(CN) — Texas Attorney General Ken Paxton accused the state bar of political gamesmanship Friday, saying it is suing him for professional misconduct on the eve of his Republican primary runoff election.
The dispute stems from a lawsuit Paxton filed on behalf of Texas at the U.S. Supreme Court in December 2020, challenging Joe Biden’s victory in the November 2020 presidential election in four battleground states and alleging there were “significant and unconstitutional irregularities” in their handling of the election.
The high court promptly rejected it with a paragraph-long, unsigned 7-2 order with Justices Samuel Alito and Clarence Thomas dissenting. The majority held Texas had no “judicially cognizable interest in the manner in which another state conducts its elections.”
Critics said Paxton was pushing the unfounded claims of his ally, then-President Donald Trump, that Trump had lost his reelection bid on account of voting fraud. Paxton even gave a speech at Trump’s rally in Washington, D.C. on Jan. 6, 2021, before Trump’s supporters stormed the U.S. Capitol.
Trump has endorsed Paxton as the attorney general runs this year for a third term. He is facing Texas Land Commissioner George P. Bush, nephew of former President George W. Bush, in the May 24 Republican primary runoff, for which early voting starts next week.
Paxton’s election fraud lawsuit came back to haunt him last July when a group of 16 lawyers filed an ethics complaint against him, alleging he had shown a pattern of professional misconduct in part by filing the lawsuit they said was frivolous.
The state bar declined to dismiss the complaint and in early March it gave Paxton a 20-day deadline to decide if he wanted a trial by jury or an administrative hearing to resolve the complaint, the Texas Tribune reported.
Paxton apparently chose a jury trial – which would be preceded by the state bar’s Commission for Lawyer Discipline filing a lawsuit against him – as he announced on Twitter Friday morning the state bar plans to sue him.

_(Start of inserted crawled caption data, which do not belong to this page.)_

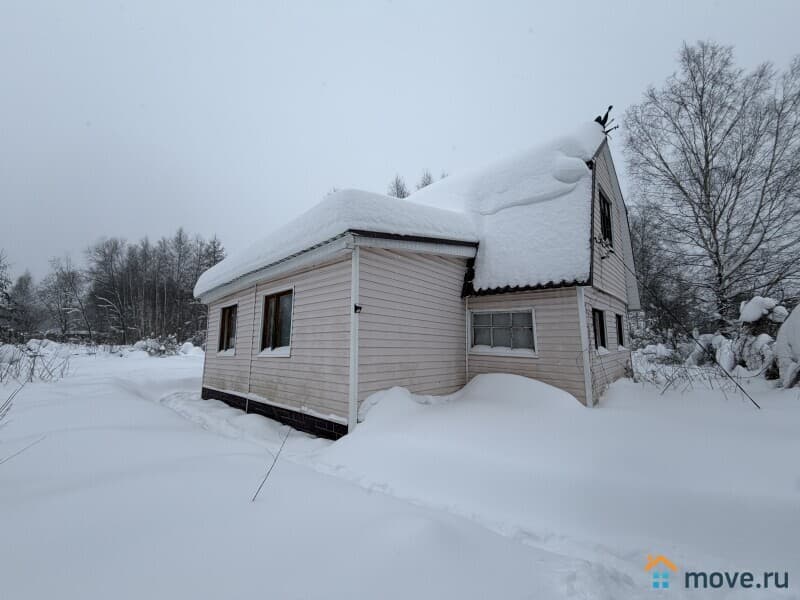 дача, 60 м&sup2;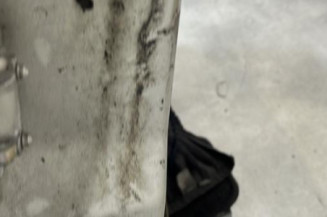 Porte avant droit MINI MINI 1 R52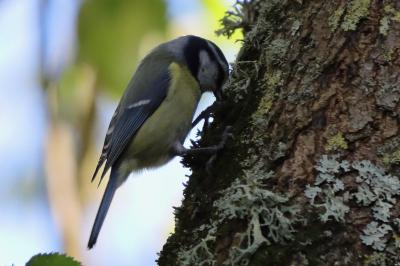 Mésange bleue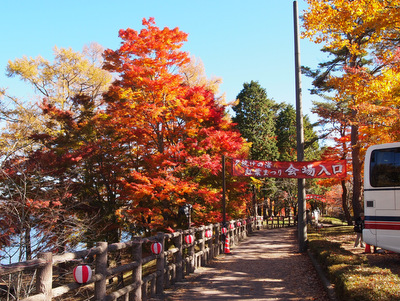2012紅葉狩り 山中湖紅葉まつり 1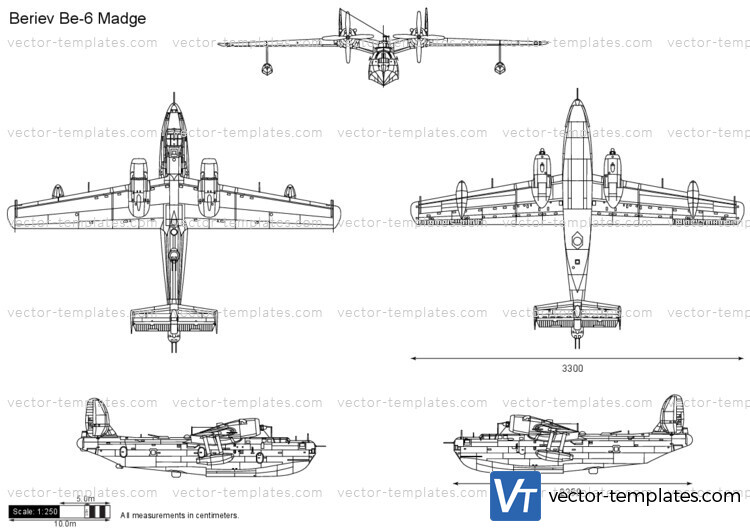 Beriev Be-6 Madge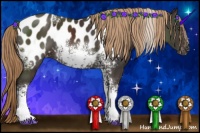 Horse Color:White Spotted Liver Chestnut Blanket 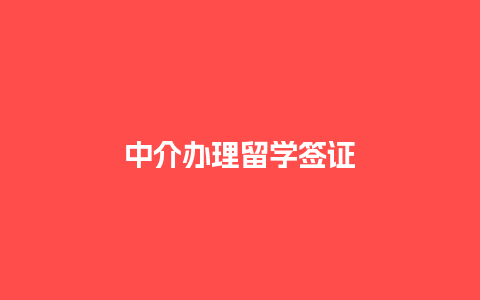 中介办理留学签证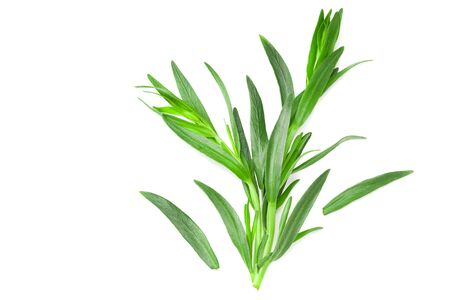 Tarragon leaves isolated on white background. Artemisia dracunculus. top viewの写真素材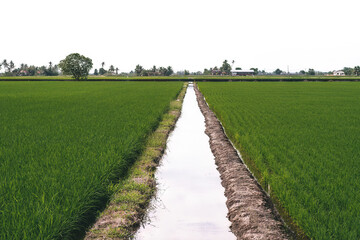Fototapeta na wymiar Water irrigation at the rice paddy field.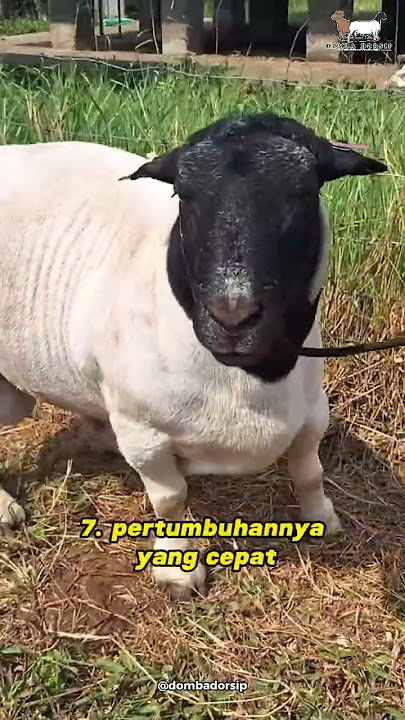 7 alasan kenapa harus pilih dorper fullblood !!!  #domba #sheep #dombadorsip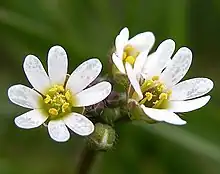 Frühlings-Hungerblümchen (Draba verna)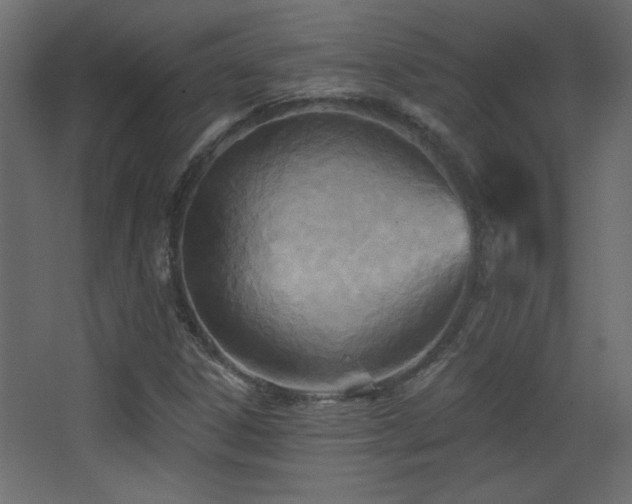 X0000068321306200604211155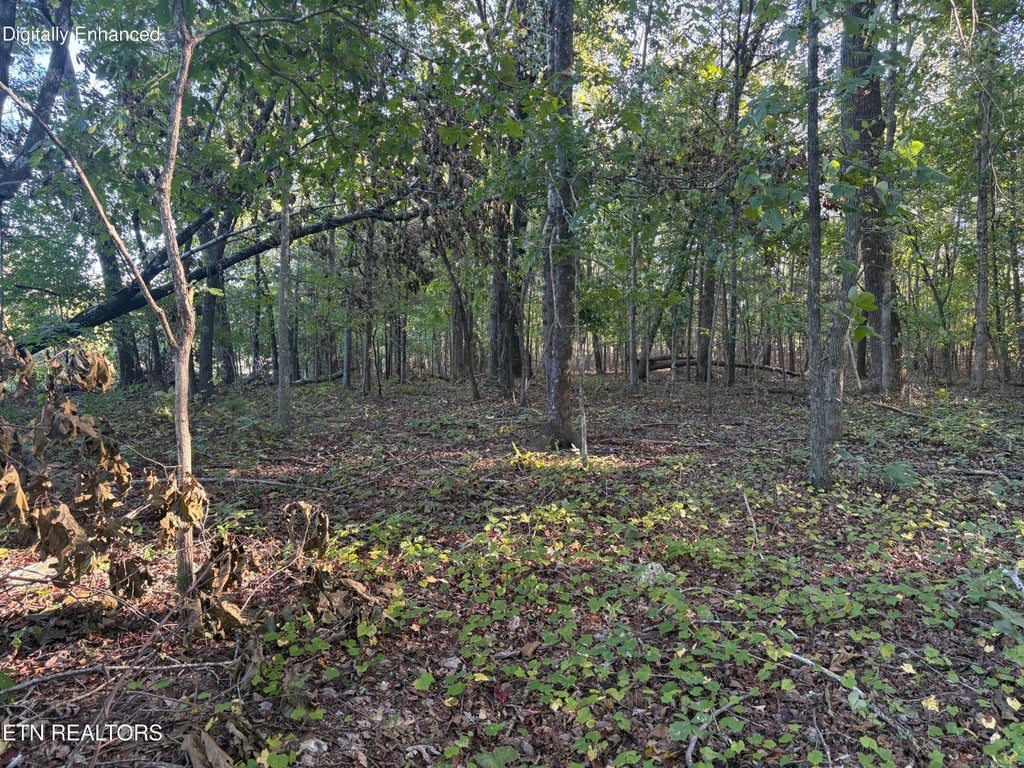 Photo of 134 County Road 212, Athens, TN 37303 (MLS # 1357930)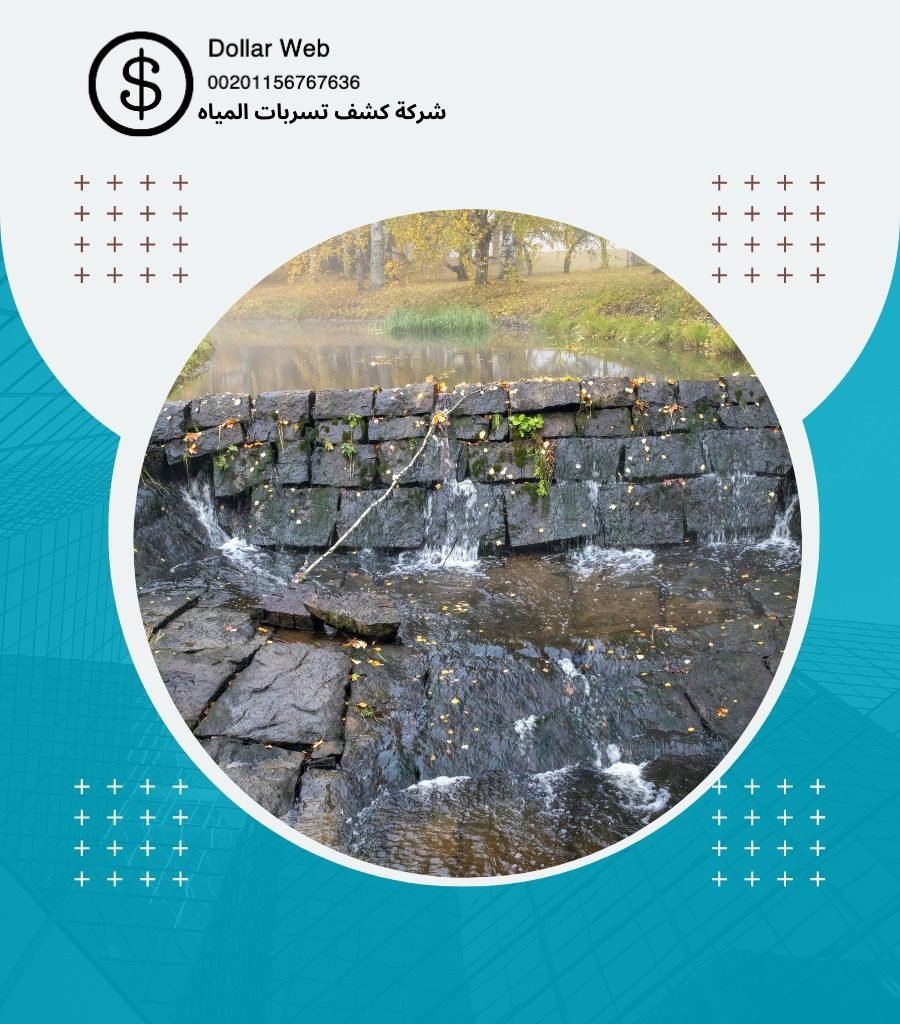 كشف تسربات حي الصفا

“I have recently learned that the Texas State Bar—which has been waging a months-long witch-hunt against me—now plans to sue me and my top deputy for filing Texas v. [Pennsylvania]; the historical challenge to the unconstitutional 2020 presidential election joined by nearly half of all the states and over a hundred members of Congress. I stand by this lawsuit completely,” he wrote. (Emphasis in original.)
Calling the state bar “a liberal activist group masquerading as a neutral professional association,” Paxton also claimed the agency is conveniently timing its lawsuit a week before early voting in his runoff election.

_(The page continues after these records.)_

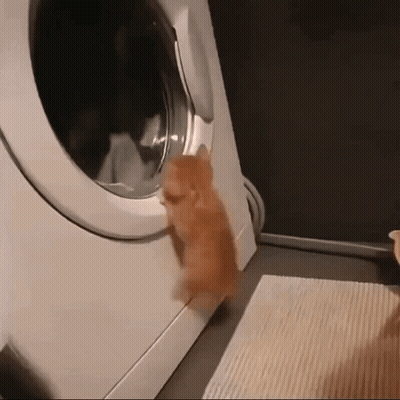 A Kitten Climbs Into A Washing Machine Door GIF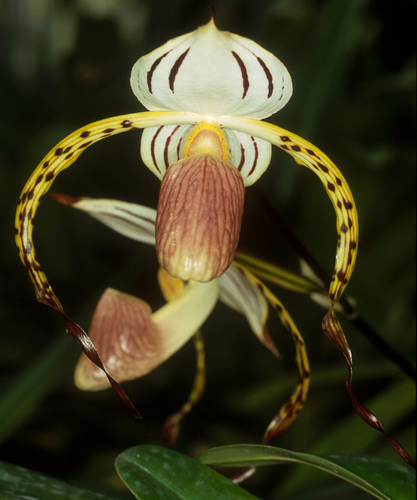 Paph__stonei.jpg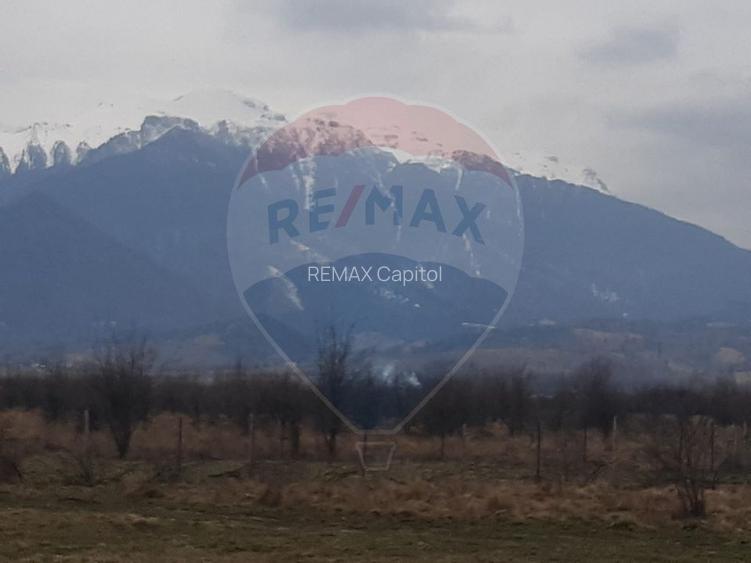 Teren 10,000mp Rasnov / Drumul Panicel - 3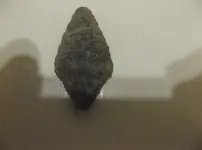 DSCF0068.webp
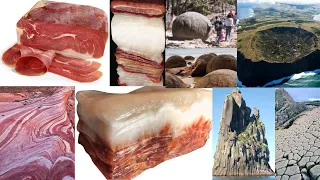 Some Rocks are petrified meat. Others are petrified giant trees or something else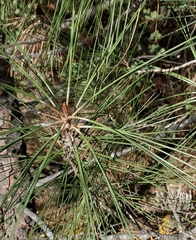 Arceuthobium campylopodum
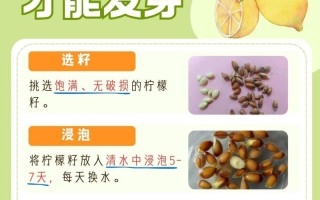 柠檬籽怎么种小盆栽（柠檬籽怎么种小盆栽图片）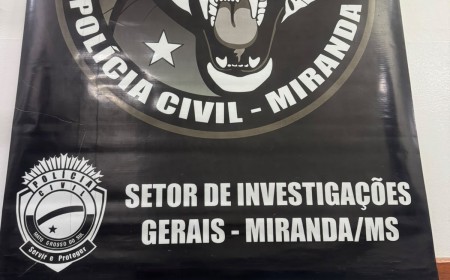 Polícia Civil prende investigado por comércio ilegal de munições em Miranda
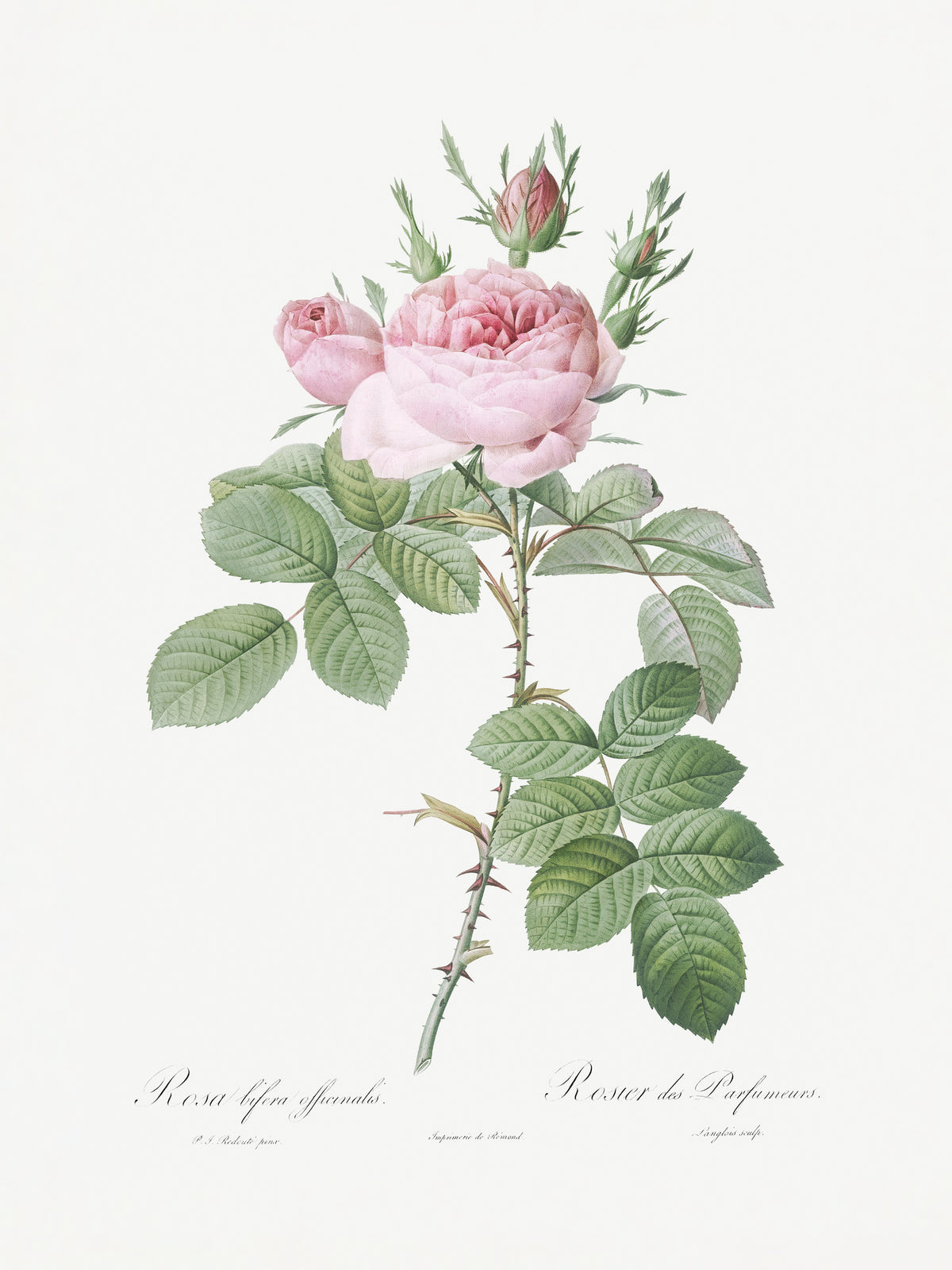 aluminium-print-rosa-bifera-officinalisles-roses-1817-1824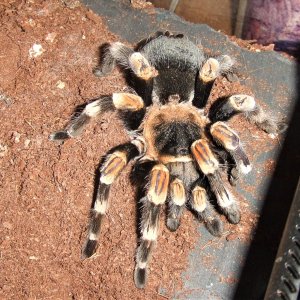 Brachypelma hamorii - Inca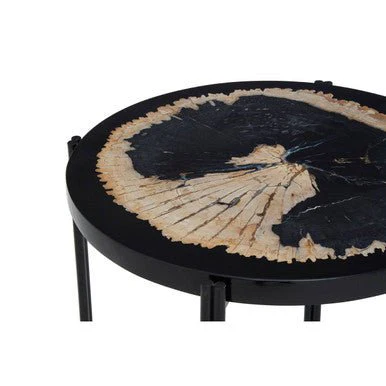 Relic Petrified Wood and Resin Side Table - Image 6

Asked on Friday afternoon when it will file the lawsuit, the state bar said it could not comment on disciplinary matters unless they are filed in district court or result in a disciplinary action.
If a jury sides with the state bar, it could lead to Paxton losing his license to practice law in the state or having it suspended, though he would appeal any adverse verdict.

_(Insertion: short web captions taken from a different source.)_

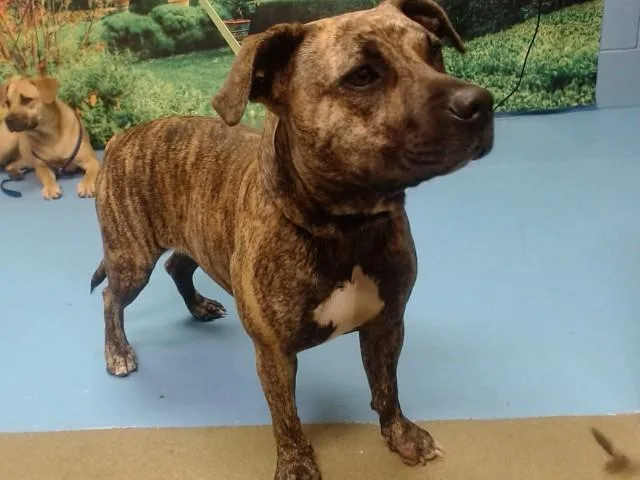 A young medium-sized female Pit Bull Terrier dog named Traviesa for adoption in Moreno Valley, CA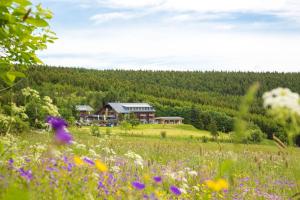 Hôtel Hotel Jens Weissflog Emil-Riedel-Straße 50 09484 Kurort Oberwiesenthal Saxe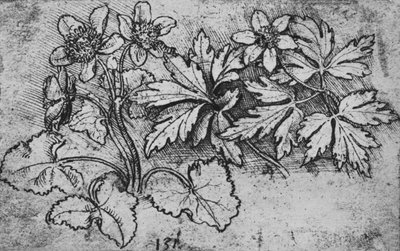 植物のスケッチ、c1480 1945 作： Leonardo da Vinci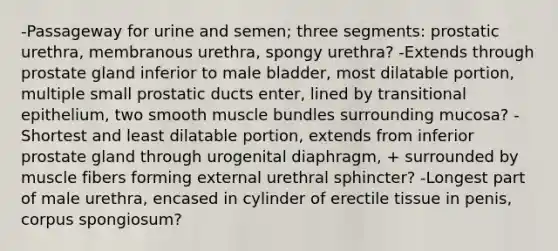 -Passageway for urine and semen; three segments: prostatic urethra, membranous urethra, spongy urethra? -Extends through prostate gland inferior to male bladder, most dilatable portion, multiple small prostatic ducts enter, lined by transitional epithelium, two smooth muscle bundles surrounding mucosa? -Shortest and least dilatable portion, extends from inferior prostate gland through urogenital diaphragm, + surrounded by muscle fibers forming external urethral sphincter? -Longest part of male urethra, encased in cylinder of erectile tissue in penis, corpus spongiosum?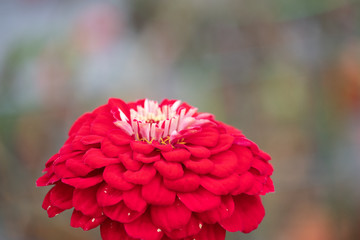 red flower white pistils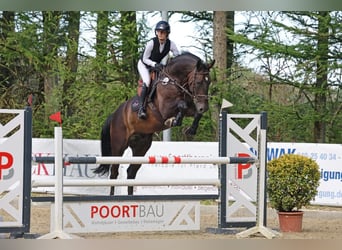 Hannoveraner, Wallach, 11 Jahre, 170 cm
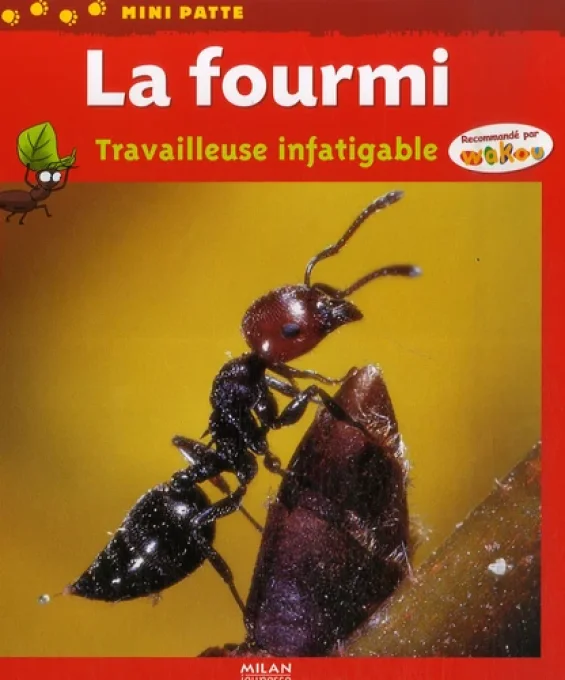 La fourmi travailleuse infatigable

The Commission for Lawyer Discipline did, however, sue Texas First Assistant Attorney General Brent Webster on Friday in Williamson County district court.
It claims his filing of the December 2020 election results challenge with the Supreme Court violated one of the state bar's disciplinary rules of professional conduct, namely, "A lawyer shall not engage in conduct involving dishonesty, fraud, deceit, or misrepresentation."
State Bar of Texas President Sylvia Borunda Firth issued a statement responding to Paxton’s allegations.
“As an administrative arm of the Texas Supreme Court, the State Bar of Texas is dedicated to fostering ethical conduct in the legal profession and protecting the public through the attorney discipline system,” Firth wrote.
She continued, “The system is governed by the Texas Disciplinary Rules of Professional Conduct and the Texas Rules of Disciplinary Procedure. The ethics rules define proper conduct for purposes of professional discipline. The procedural rules provide the mechanism by which grievances are processed, investigated and prosecuted."
“The system is designed to ensure fairness to all parties,” she added. “Partisan political considerations play no role in determining whether to pursue a grievance or how that grievance proceeds through the system. Any claims to the contrary are untrue.”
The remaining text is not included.